Année 4 : Noirceur et opacité

La quatrième année du séminaire Décoloniser l’inconscient, intitulée Noirceur et Opacité, s’articule autour d’une tension conceptuelle révélée au cours de la deuxième année, qui portait sur l’œuvre d’Édouard Glissant et celles de Deleuze et Guattari. L’étude de ces œuvres, et plus précisément la critique qu’elles permettent des notions d’identité et d’enracinement, nous avait conduits à méditer, dans le même mouvement, sur le « trou dans le symbolique » que Lacan désigne par le terme de réel, et qui peut tantôt marquer la place d’un manque (d’où surgissent un ordre, une identité ou une ontologie), tantôt celle d’un vide illimité (d’où émerge une « ab-sens », un infigurable, un impossible). Nous avions également exploré le « gouffre de l’esclave », son abysse — ce vide qui se tient au cœur de la mémoire des peuples afro-descendants —, et sa persistance douloureuse dans un monde post-colonial. Ce vide, ce gouffre, constitue le point autour duquel gravite, et parfois sombre, la notion de noirceur, qui, selon les contextes, vient tantôt boucher ce trou sous la forme du concept de race, tantôt en figurer l’« ab-sens », par une opacité queer ou un droit à la différance (à écrire avec un “a”, en référence à Derrida).
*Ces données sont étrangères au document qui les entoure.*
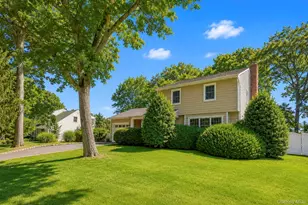 18 Elkin Dr, Middle Island, NY 11953 - Photo 3
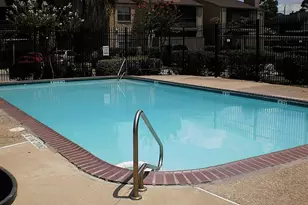 10555 Turtlewood Ct, Houston, TX 77072 - Photo 4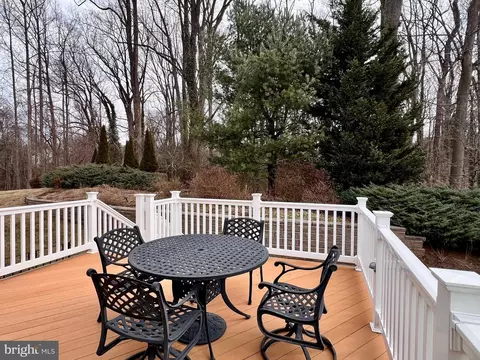 307 Grindstone Dr, Arnold, MD 21012 photo 4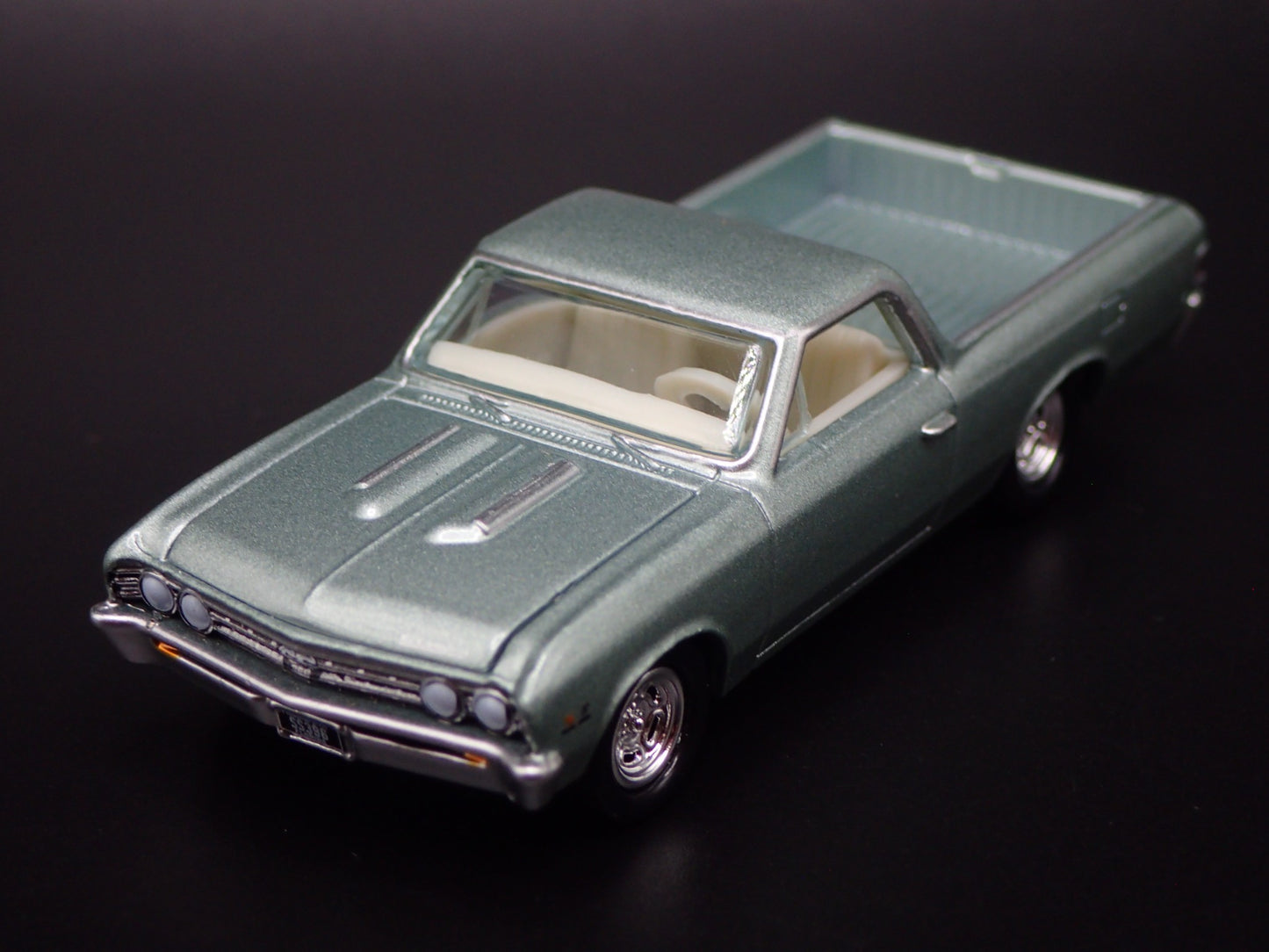 1967 67 CHEVY CHEVROLET EL CAMINO SS GREEN 1:64 SCALE DIORAMA DIECAST MODEL CAR
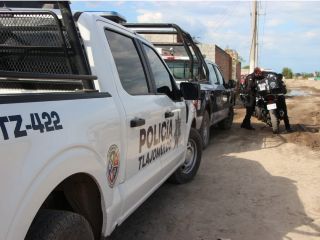 Los uniformados realizaron maniobras para darle alcance al cadáver y orillarlo, evitando así que continuara siendo arrastrado por el cauce. ESPECIAL/Ayuntamiento de Tlajomulco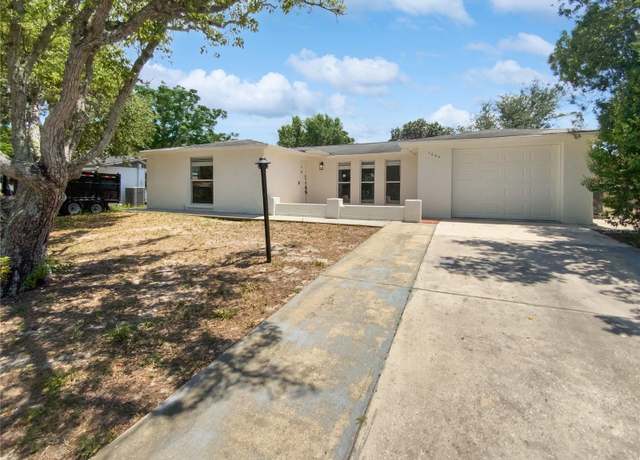 Property at 7604 Tyson Dr, Port Richey, FL 34668, 2 beds, 2 baths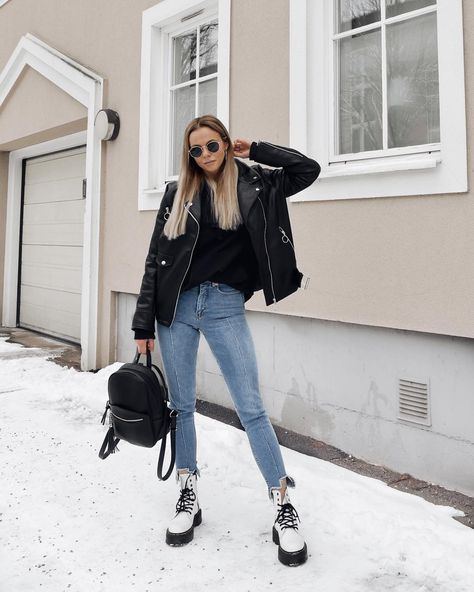 Instagram post by Karolin Andersson • Feb 5, 2019 at 3:40pm UTC White Combat Boots Outfit, Combat Boot Outfit, White Doc Martens, White Boots Outfit, White Combat Boots, Dr Martens Outfit, Outfit Botas, Doc Martens Outfit, Trend Clothes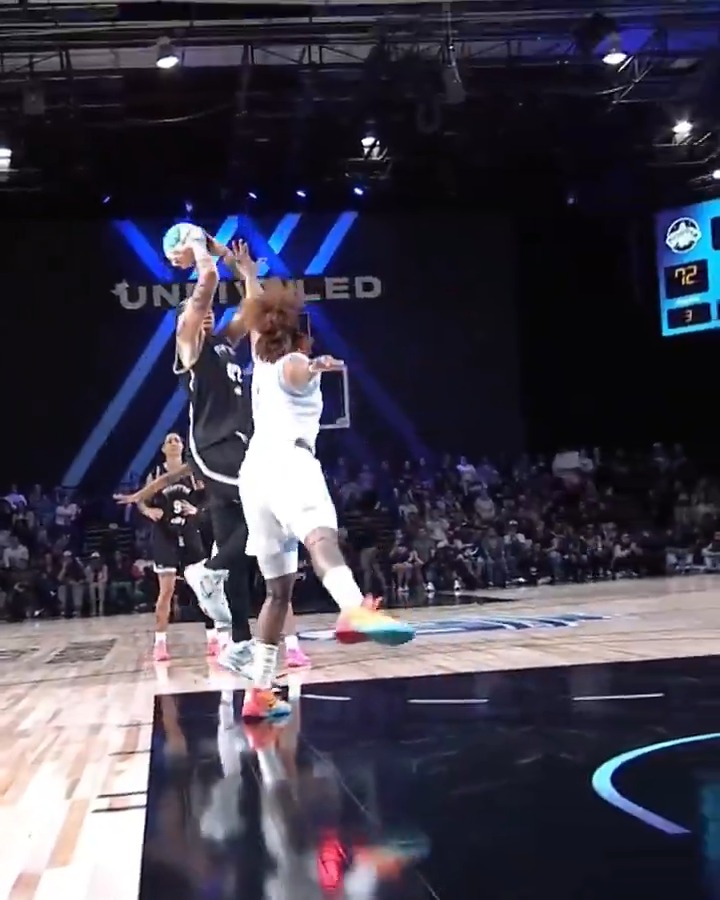BRITTNEY GRINER CALLED GAME IN THE PHANTOM’S FIRST W 🥶🪣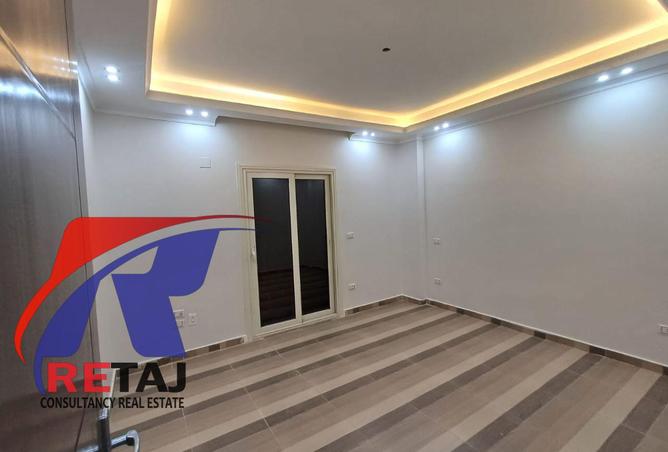 8220628 - Property Image 3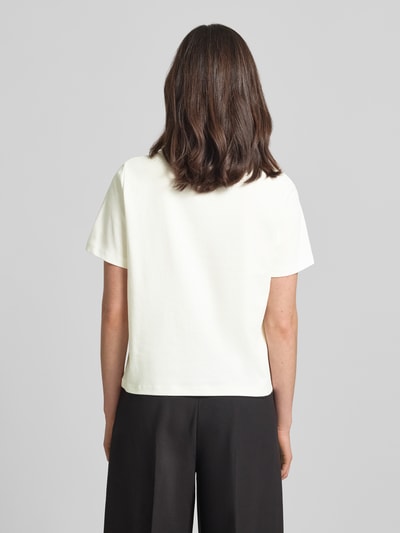 Kobiece model prezentuje Relaxed Fit T-Shirt aus reiner Baumwolle von Tom Tailor, jednolity kolor, krój relaxed fit, bawełna, widok całej sylwetki od tyłu.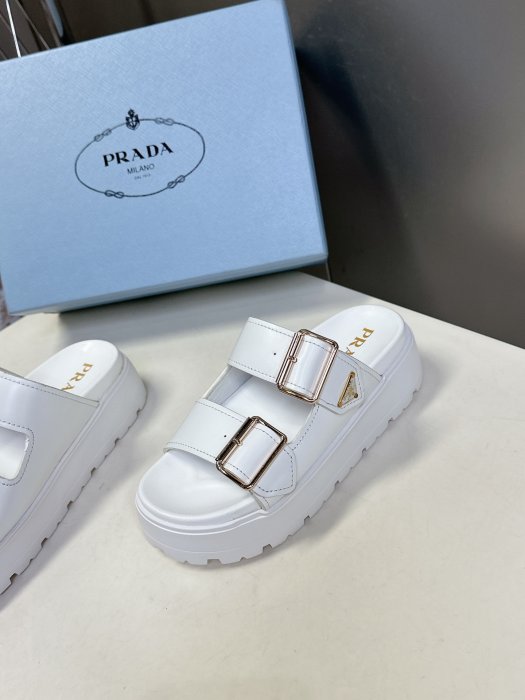 Шлепанцы фото 3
Ce trou de la Noirceur a été interrogé par des penseurs afro-pessimistes tels que Calvin Warren, Fredrick Wilderson, Fred Moten, Hortense Spillers, Jared Sexton, David S. Marriott et, plus récemment, en France, par Norman Ajari dans son ouvrage Noirceur : Race, genre, classe et pessimisme dans la pensée africaine-américaine au XXIᵉ siècle (Éditions Divergences, 2022). Ces auteurs s’emploient à définir la noirceur comme une catégorie de négativité primordiale, antérieure à toute autre forme de négativité, faisant ainsi de la noirceur l’archi-fondation inavouable à partir de laquelle s’est constituée la domination européenne sur le reste du monde. Calvin Warren, par exemple, décrit cette domination en ces termes : « La violence anti-noire est une violence contre le vide, ce vide qui déstabilise l’Homme dans la mesure où il ne peut ni être capturé ni dominé. Les Noirs permettent à l’Homme de s’enfermer dans un fantasme — celui de dominer le vide. En projetant le vide sous la forme d’une terreur du noir, l’Homme cherche à dominer le vide en dominant l’être noir, à éradiquer le vide en éradiquant l’être noir. » (Ontological Terror, p. 21)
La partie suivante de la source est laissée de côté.